SUMMARY OF THE INVENTION

There is provided a method for phase extraction between coupled atom interferometers using ellipse-specific fitting. The method includes fitting an ellipse to data representing a first gravimeter measurement and a second gravimeter measurement, and determining a phase shift between the first gravimeter measurement and the second gravimeter measurement based on a spread of the data around the ellipse.

The first gravimeter measurement and the second gravimeter measurement are sinusoidal signals with a relative phase difference. Fitting the ellipse to the data includes finding algebraic coefficients that minimize a sum of squared algebraic distances to a conic for the data.

The first gravimeter measurement is provided by a first gravimeter and the second gravimeter measurement is provided by a second gravimeter.

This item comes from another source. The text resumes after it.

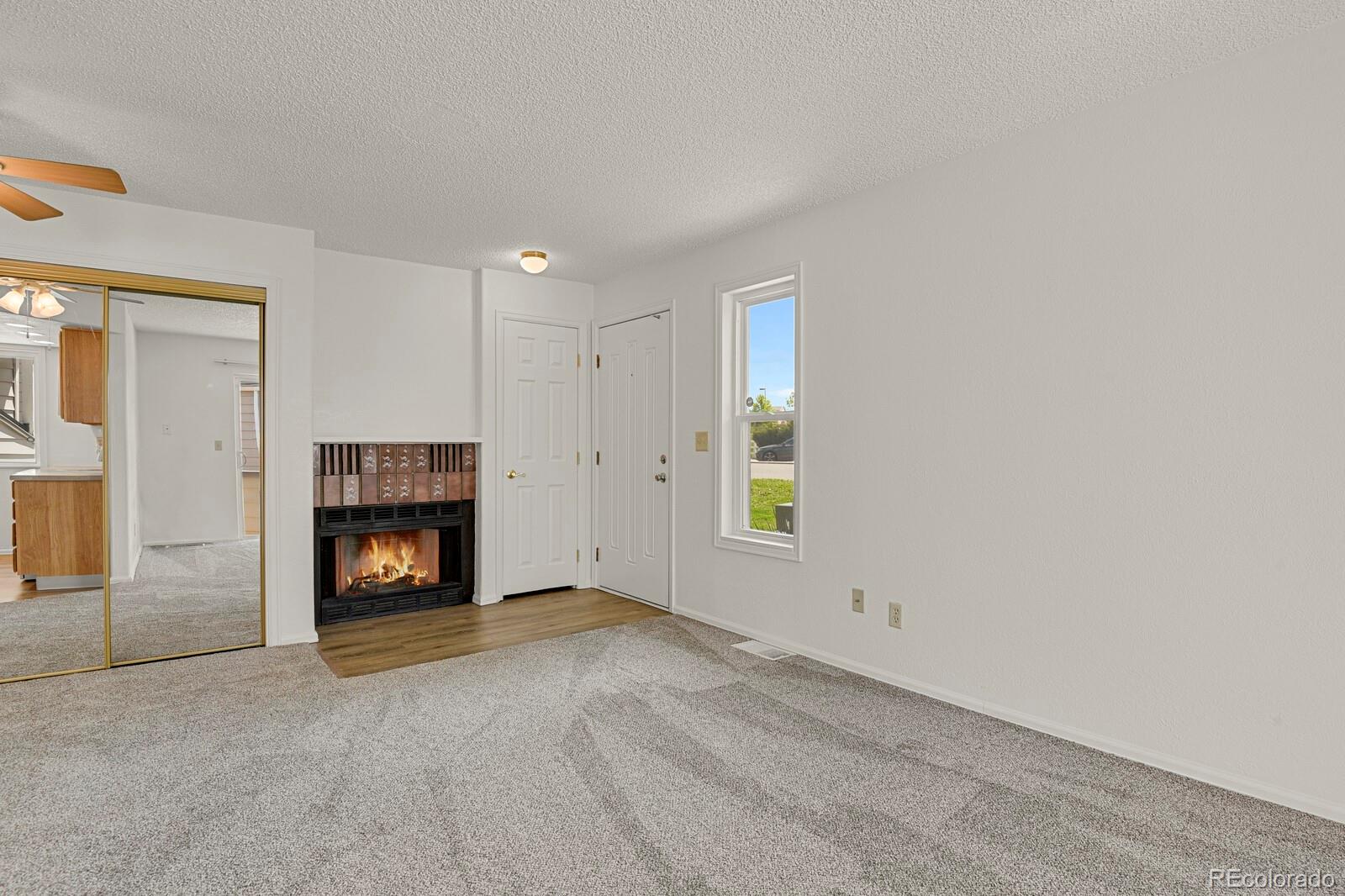 MLS Image #5 for 17034 e tennessee drive,aurora, Colorado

Each of the first and second gravimeters includes a laser for a phase reference.

The first gravimeter measurement and the second gravimeter measurement are taken from a sample mass, and the method further includes applying a magnetic pulse to the sample mass for biasing the phase shift.

BRIEF DESCRIPTION OF THE DRAWINGS

FIG. 1 is a functional block diagram of a system configured for employment of the techniques described herein.

FIG. 2 is a graph of the two signals exhibiting a high level of vibrationally induced phase noise.

FIG. 3 is a graph of the signals from FIG. 2, showing the upper trace of FIG. 2 (y-axis) versus the lower trace of FIG. 2 (x-axis).

FIG. 4 is a graph of simulated scanned data without vibrational phase noise.

FIG. 5 is a graph showing a comparison of an extracted magnetic phase shift with a known applied shift.

DESCRIPTION OF THE INVENTION

The following articles provide background on various aspects of gravimetry and several of the techniques described herein:

• (1) M. J. Snadden, J. M. McGuirk, P. Bouyer, KG. Haritos and M. A. Kasevich, Phys. Rev. Lett. 81, 971 (1998).
• (2) J. M. McGuirk, G. T. Foster, J. B. Fixler, M. J. Snadden, and M. A. Kasevich, Phys. Rev. A, 65 033608 (2002).
• (3) A. Fitzgibbon, M. Pilu, and R. Fisher, IEEE Transactions On Pattern Analysis and Machine Intelligence, 21 476 (1999).
• (4) M. Kasevich, D. S. Weiss, E. Riis, K Moller, S. Kasapi, S. Chu, Phys. Rev. Lett. 66, 2297 1991.
• (5) Atom Interferometry, edited by P. Berman (Academic Press, New York, 1997).
• (6) J. M. McGuirk, G. T. Foster, J. B. Fixler, and M. A. Kasevich, Opt. Lett. 26, 364 (2001).
• (7) W. Gander, G. Golub, and R. Strebel, BIT 34, 558 (1994).
• (8) J. D. Prestage, R. L. Tjoelker, and L Maleki, Phys. Rev. Lett. 74, 3511 (1995).
• (9) D. S. Weiss, B. C. Young, and S. Chu, Phys. Rev. Lett. 70, 2706 (1995).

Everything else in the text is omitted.